La llegada a Lisboa, lo del cuartel general en Cáceres, la acción de Ciempozuelos y la rápida retirada a principios de 1937. El reportaje elaborado a mediados de los años setenta muestra una España más pobre de pastores con boinas y viudas uniformadas de negro en la que los autores aún pudieron encontrarse con gentes que vivieron la participación de las tropas irlandesas en España. Por cierto y sin querer hacer sangre por ello, es interesante ver como un alcalde franquista de capital de provincias de la época hablaba inglés mejor que la mayoría de los políticos españoles de la actualidad. Inevitable la referencia al alcohol y curiosa la circunstancia de que su primera acción de combate fuera un tiroteo con tropas de su propio bando por un malentendido.

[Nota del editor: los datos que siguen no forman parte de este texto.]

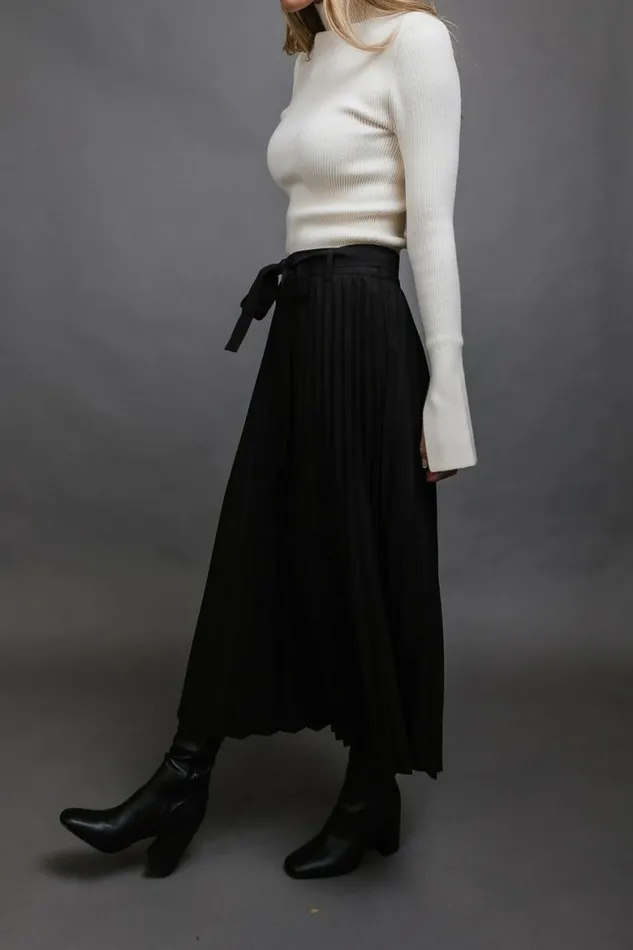 Neve Pleated Skirt In Black Black Women Bohme Skirts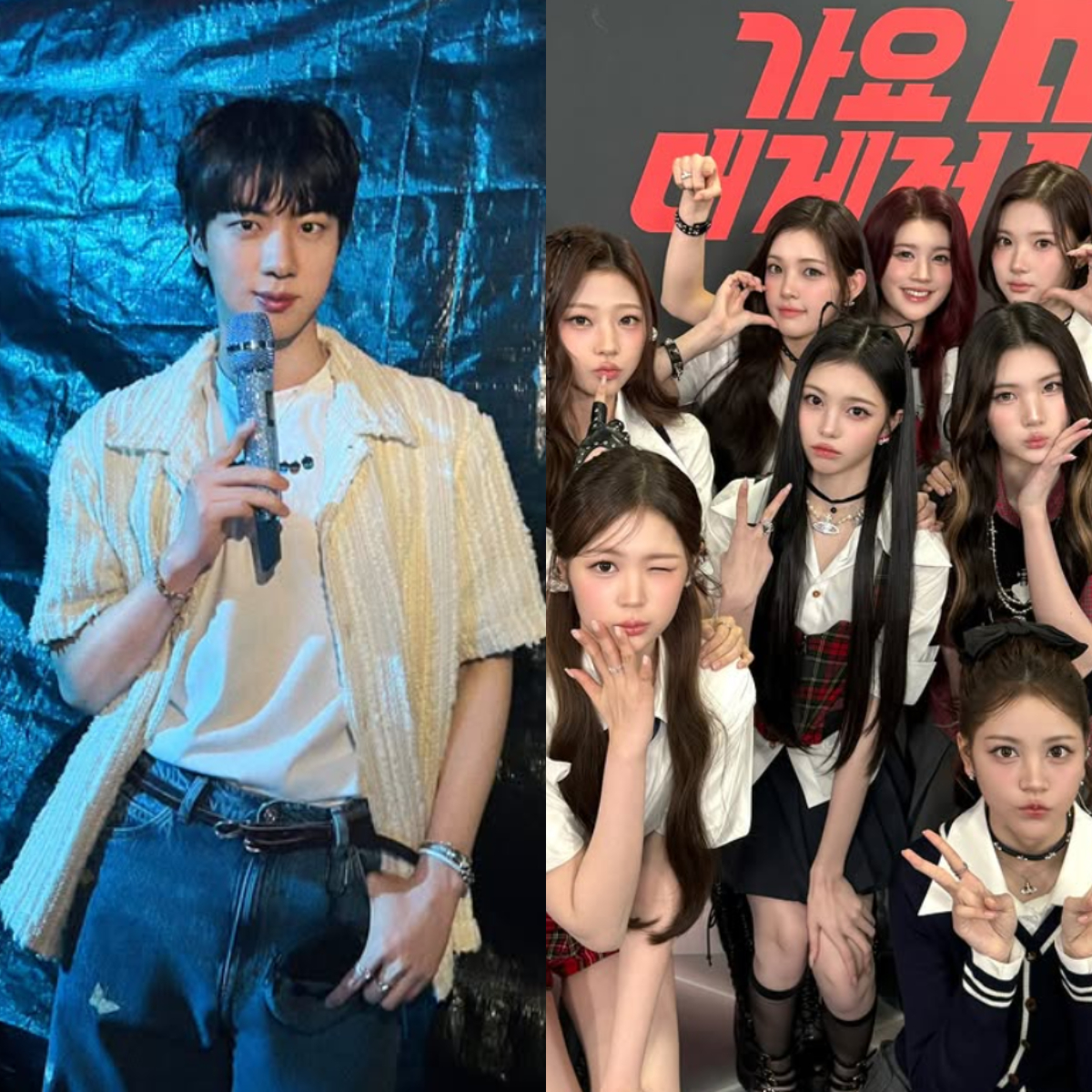防彈少年團成員JIN(左圖)榮獲金唱片Upbit人氣獎男歌手部門冠軍，女歌手部門位居第一的則是女團Hearts2Hearts。 圖：翻攝自JIN、hearts2hearts IG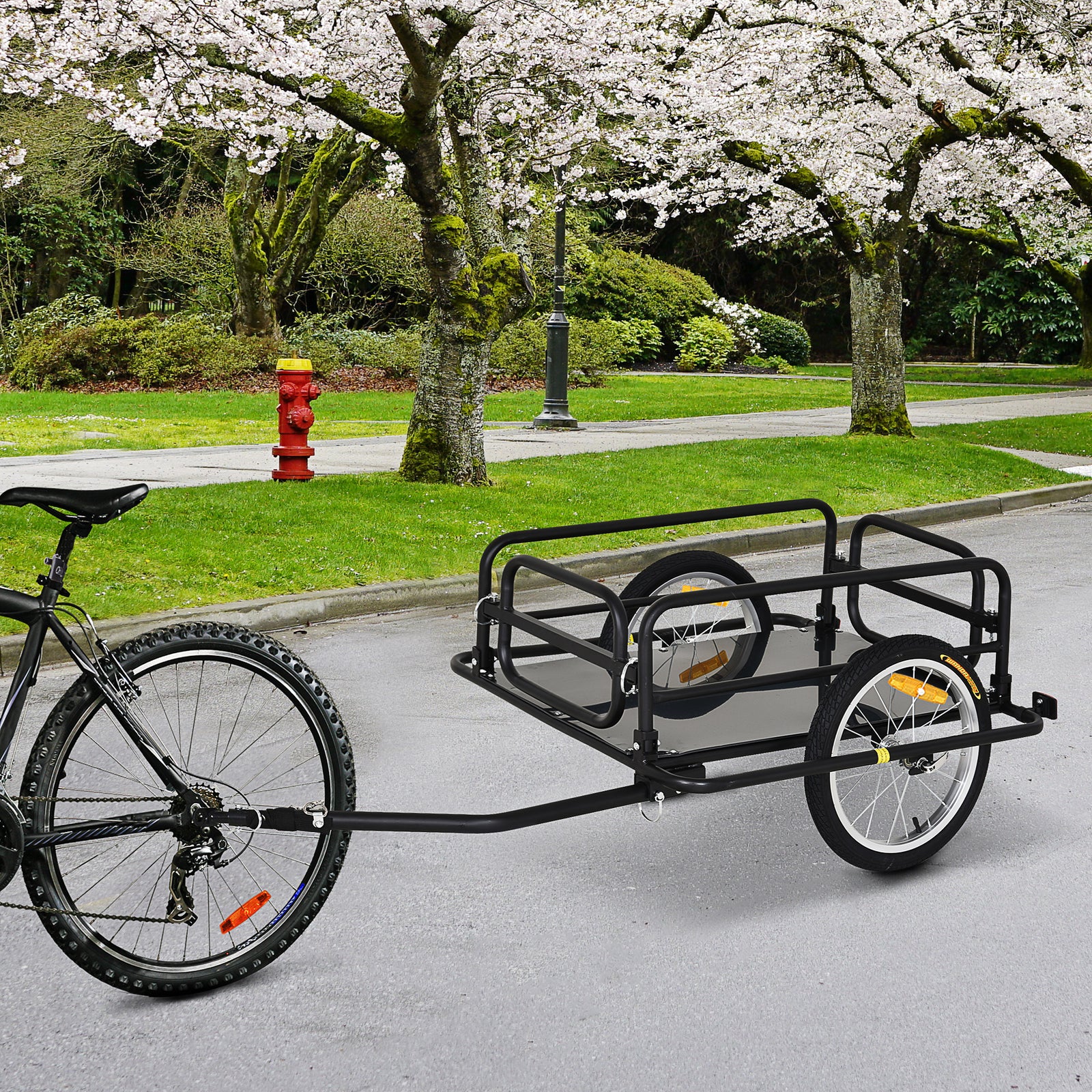 Bike Trailer Cargo Storage Carrier With Hitch Steel Frame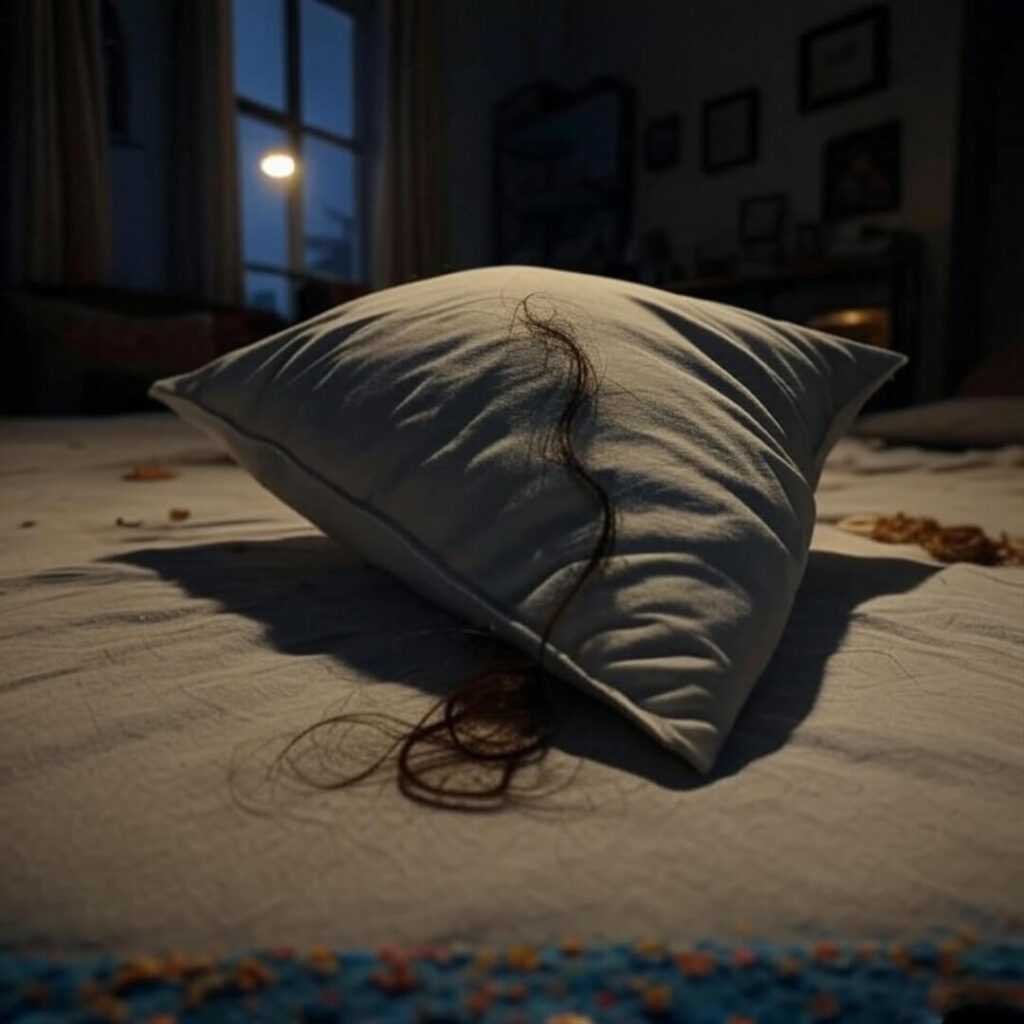 Vintage messy bed with hair strand, dim light.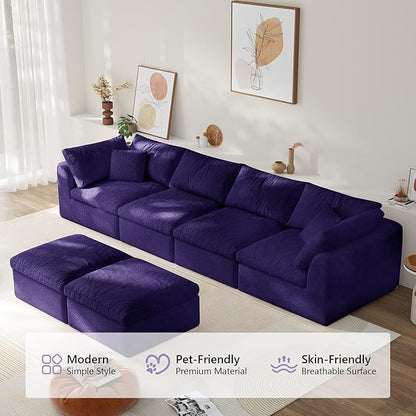 138" Boneless Cloud Couch Modular Sectional Sofa with Deep Seat for Living Room, L Shape Couch with Ottoman, Snowflake Cloth and 40D Memory Sponge，2 Throw Pillows (Purple, 4 Seater+2 Ottoman)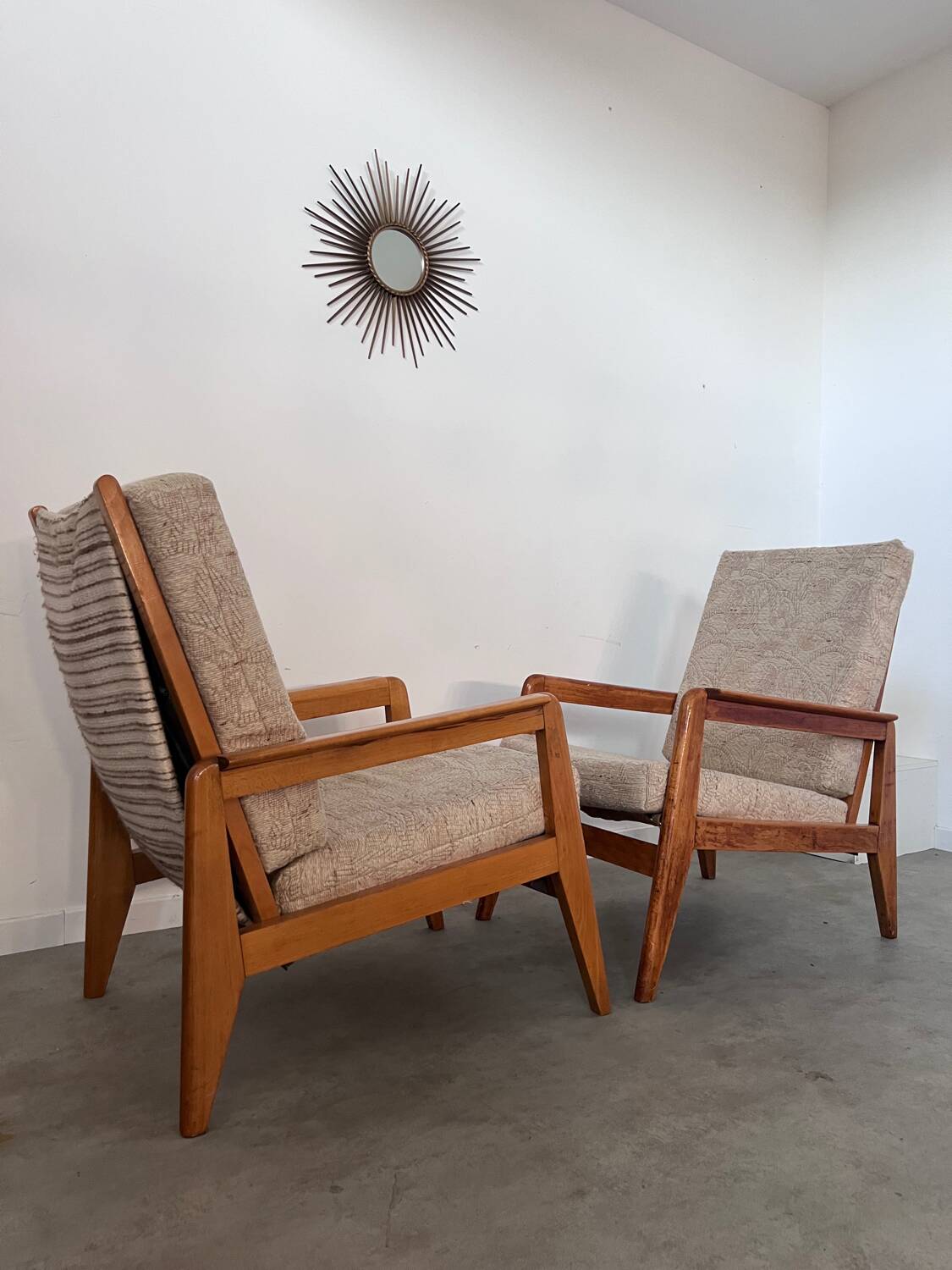 Lot 2 designer reconstruction rest armchairs from the 50s Free-Span / Guariche vintage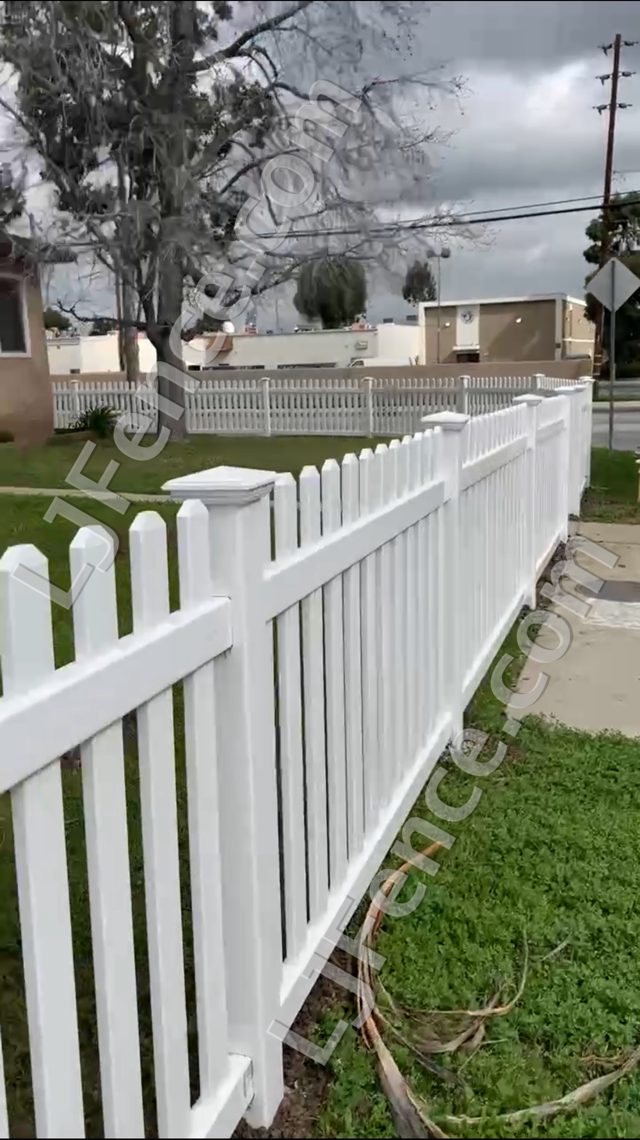 4FT White Open Picket Fence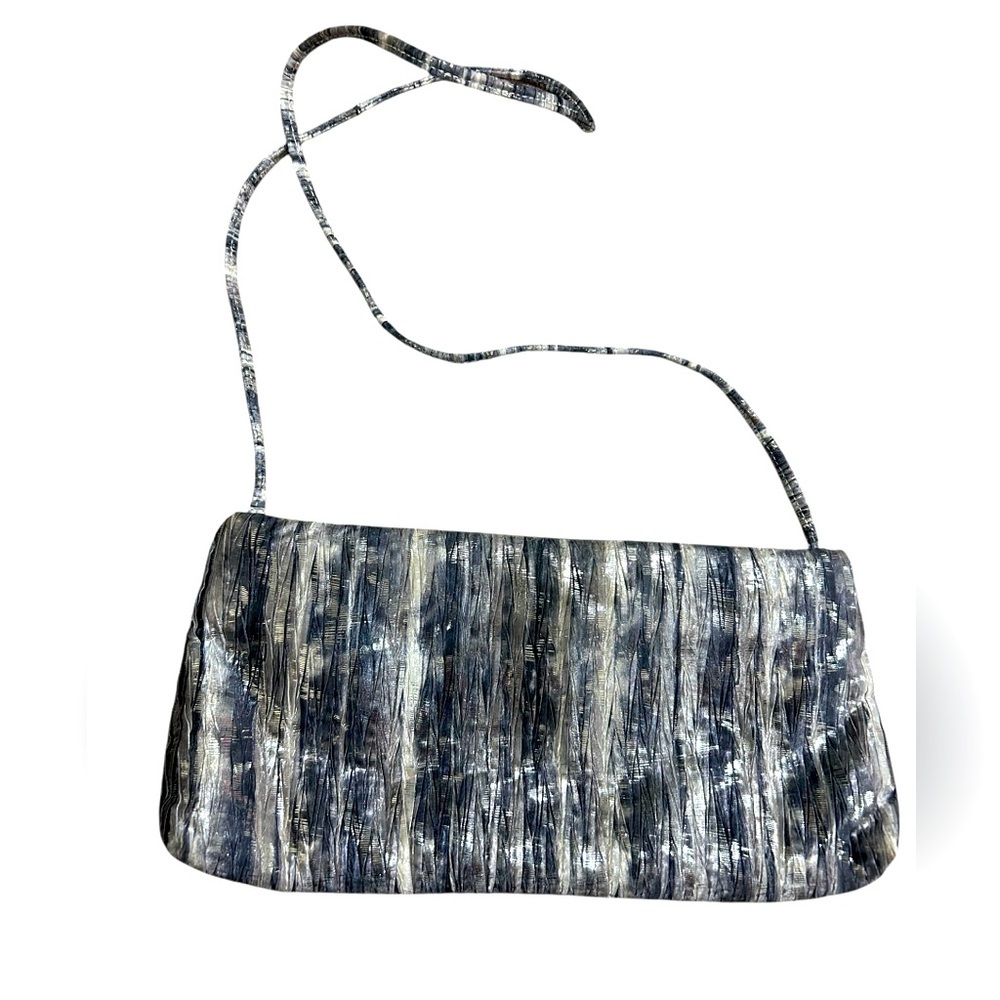 Vintage metallic silver and gray crossbody purse made in USA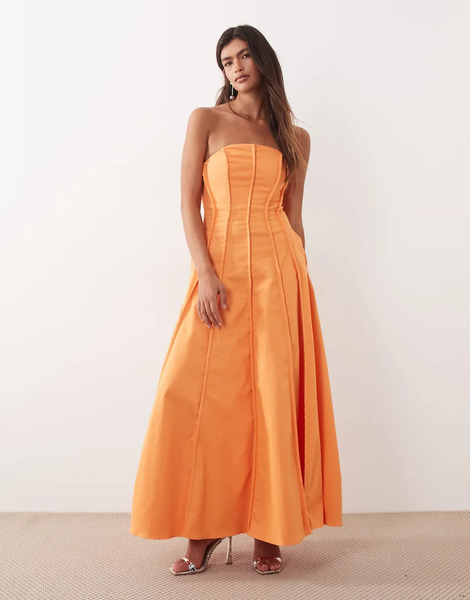  Arrange Vestido Largo Naranja Papaya Con Escote Palabra De Honor Y Detalle De Costuras De Tejido Grueso De Algodón De Arrange 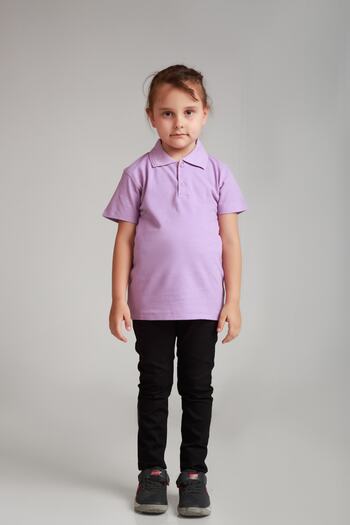 Dragora Lilac Polo Collar School Χτενισμένο Βαμβάκι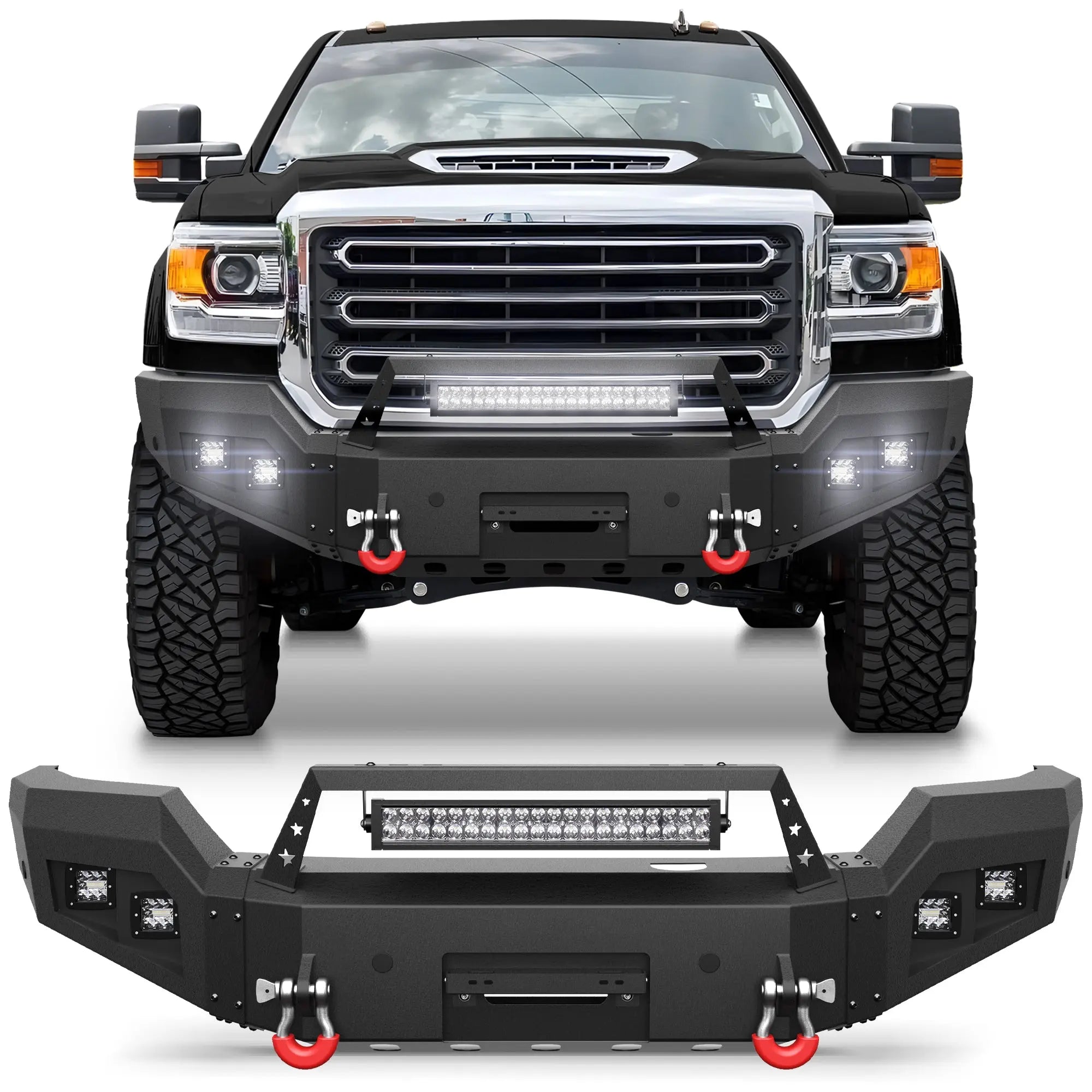 Longsun Front Bumper Compatible with GMC Sierra 2500/3500 HD 2015 2016 2017 2018 2019 with Winch Plate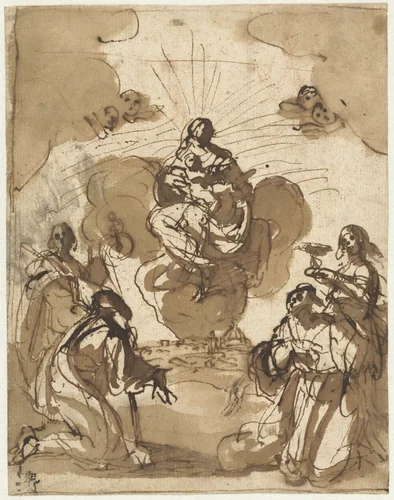 Vier heiligen aanbidden Maria by Jacopo da Empoli, drawing, 1564-1640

De los ciento cincuenta irlandeses del otro bando había leído más cosas. En parte por conocer mejor la historia de las Brigadas Internacionales y también porque hace unos años leí la biografía de Bob Doyle, que había muerto poco antes. Fue el último de los brigadistas irlandeses en morir y hacia 2007 todavía daba conferencias. Por aquellos años consulté y al parecer todavía vivía uno de los hombres de la Bandera. Los irlandeses que apoyaron a la República llegaron cada uno como pudo y lucharon en diferentes lugares como el Jarama, Belchite y el Ebro. A diferencia de lo que les ocurrio a algunos italianos en Guadalajara, nunca se enfrentaron directamente a sus compatriotas en el otro bando. El libro de O’Riordan sobre la columna Connolly puede conseguirse con facilidad. Por lo que he ojeado, me parece que nunca se sabrá qué ocurrió con Frank Ryan. El vídeo se lo recomiendo a gente como yo, aunque quizá no haya tanta.